I reused the "newline" parameter of open and TextIOWrapper.__init__, adding a param of the same name to the constructors for BufferedReader, BufferedWriter, BufferedRWPair, BufferedRandom, and FileIO.

For text files, just remove the check for newline being one of the standard values and it all works. For binary files, remove the check for truthy, make open pass each Buffered* constructor newline=(newline if binary else None), make each Buffered* class store it, and change two lines in RawIOBase.readline to use it. And that's it.

(Of course you'd also want to add it to all of the stdlib cases like zipfile.ZipFile.open/zipfile.ExtZipFile.__init__, but there aren't too many of those.)

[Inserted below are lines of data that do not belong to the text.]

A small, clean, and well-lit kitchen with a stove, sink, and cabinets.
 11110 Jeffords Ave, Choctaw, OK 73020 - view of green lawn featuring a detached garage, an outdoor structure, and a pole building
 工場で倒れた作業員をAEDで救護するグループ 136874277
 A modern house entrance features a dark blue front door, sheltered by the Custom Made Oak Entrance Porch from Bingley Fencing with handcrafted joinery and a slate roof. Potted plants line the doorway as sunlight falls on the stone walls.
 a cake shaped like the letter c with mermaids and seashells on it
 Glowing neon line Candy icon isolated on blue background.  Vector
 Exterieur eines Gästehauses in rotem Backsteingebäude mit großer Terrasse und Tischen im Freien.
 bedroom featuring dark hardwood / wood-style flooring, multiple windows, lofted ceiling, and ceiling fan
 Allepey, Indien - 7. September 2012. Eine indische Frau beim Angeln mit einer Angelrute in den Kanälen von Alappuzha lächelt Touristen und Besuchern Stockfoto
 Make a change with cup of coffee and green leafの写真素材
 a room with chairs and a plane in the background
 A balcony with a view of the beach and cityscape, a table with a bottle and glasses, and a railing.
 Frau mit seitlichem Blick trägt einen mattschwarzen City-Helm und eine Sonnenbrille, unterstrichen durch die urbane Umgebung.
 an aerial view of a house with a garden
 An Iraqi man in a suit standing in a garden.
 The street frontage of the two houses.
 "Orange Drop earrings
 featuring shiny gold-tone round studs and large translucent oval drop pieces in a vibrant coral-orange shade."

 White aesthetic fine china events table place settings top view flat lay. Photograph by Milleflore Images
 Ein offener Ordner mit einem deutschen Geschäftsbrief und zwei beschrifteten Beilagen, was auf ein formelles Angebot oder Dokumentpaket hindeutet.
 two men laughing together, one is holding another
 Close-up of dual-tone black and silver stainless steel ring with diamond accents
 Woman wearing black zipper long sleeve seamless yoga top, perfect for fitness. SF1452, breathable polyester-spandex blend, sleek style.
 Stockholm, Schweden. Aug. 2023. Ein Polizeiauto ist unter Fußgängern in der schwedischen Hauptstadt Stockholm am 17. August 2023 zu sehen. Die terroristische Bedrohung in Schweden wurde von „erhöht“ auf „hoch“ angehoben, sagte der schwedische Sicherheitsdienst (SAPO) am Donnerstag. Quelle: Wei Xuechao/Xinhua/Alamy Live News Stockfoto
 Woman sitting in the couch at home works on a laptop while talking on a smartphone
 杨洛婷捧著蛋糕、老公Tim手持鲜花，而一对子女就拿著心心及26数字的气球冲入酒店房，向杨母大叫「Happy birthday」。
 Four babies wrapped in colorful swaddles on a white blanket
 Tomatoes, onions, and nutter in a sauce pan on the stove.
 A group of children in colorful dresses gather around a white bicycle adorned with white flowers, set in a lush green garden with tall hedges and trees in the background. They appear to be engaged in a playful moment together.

This means that the buffer underlying a text file with a non-standard newline doesn't automatically have a matching newline. I think that's a good thing ('\r\n' and '\r' would need exceptions for backward compatibility; '\0'.encode('utf-16-le') isn't a very useful thing to split on; etc.), but doing it the other way is almost as easy, and very little code will never care.